# [Task objective]
Reproduce the records below in full and exactly, without their images.

Short descriptive text snippets:
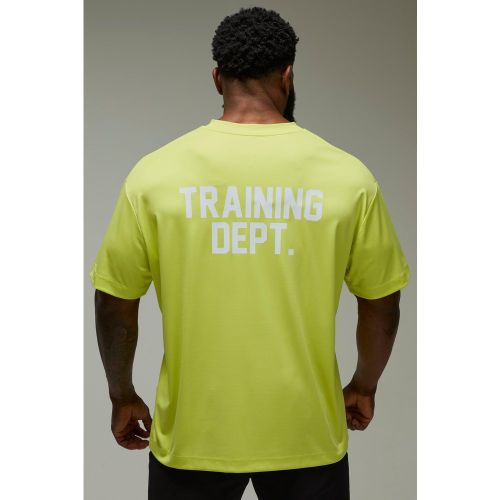 Man Active Performance Training Dept Oversized T-shirt homme - 2XL - Boohooman - Modalova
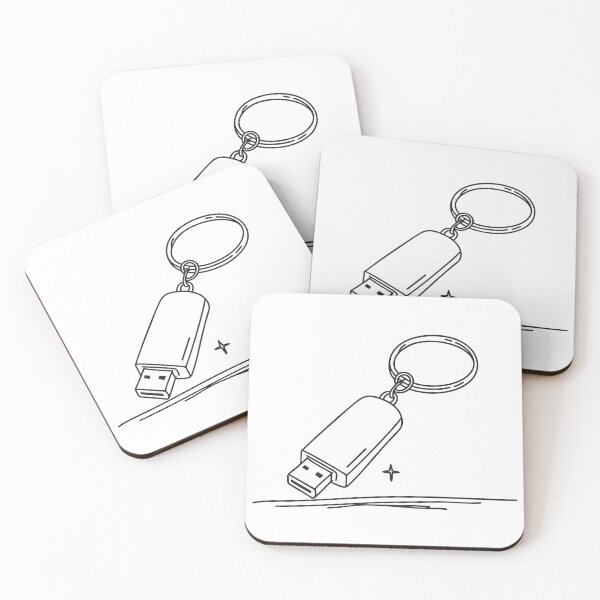 Item preview, A keychain with a USB drive lying on a table designed and sold by rasagamastore.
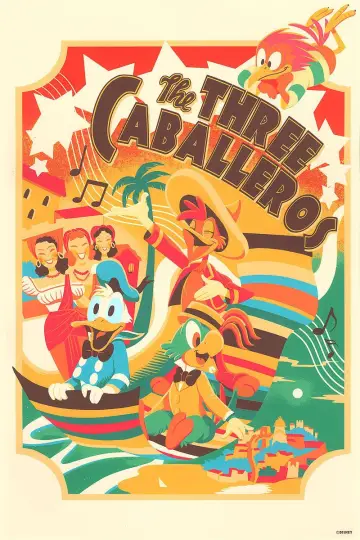 Plakat do filmu "Trzej Caballeros" #136753
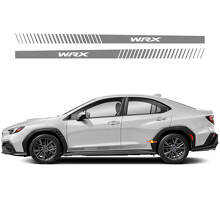 Pair Rocker Panel Side Skirt Vinyl Body Car Stripe Racing Vinyl Decal Sticker for Subaru WRX Impreza 2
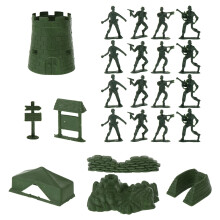 100 Pièces Figurine Soldat Militaire En Plastique Pour Maquette
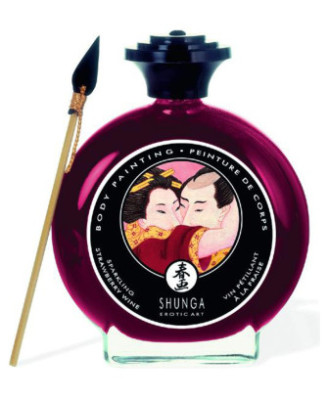 Peinture de corps comestible fraise vin pétillant 100ml 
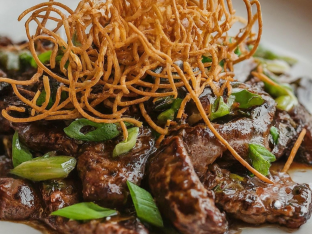 Mongolian Steak Mongolian Steak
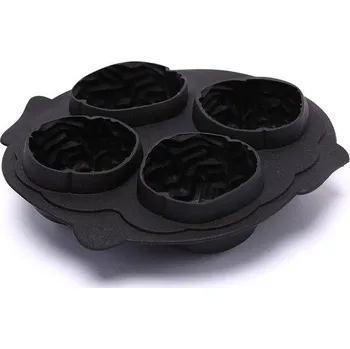 Tvořítko na led Silikonové tvořítko na led | forma na ledové kostky, čtyřmístná - Mozek 1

# [Answer to this task]
 Man Active Performance Training Dept Oversized T-shirt homme - 2XL - Boohooman - Modalova
 Item preview, A keychain with a USB drive lying on a table designed and sold by rasagamastore.
 Plakat do filmu "Trzej Caballeros" #136753
 Pair Rocker Panel Side Skirt Vinyl Body Car Stripe Racing Vinyl Decal Sticker for Subaru WRX Impreza 2
 100 Pièces Figurine Soldat Militaire En Plastique Pour Maquette
 Peinture de corps comestible fraise vin pétillant 100ml 
 Mongolian Steak Mongolian Steak
 Tvořítko na led Silikonové tvořítko na led | forma na ledové kostky, čtyřmístná - Mozek 1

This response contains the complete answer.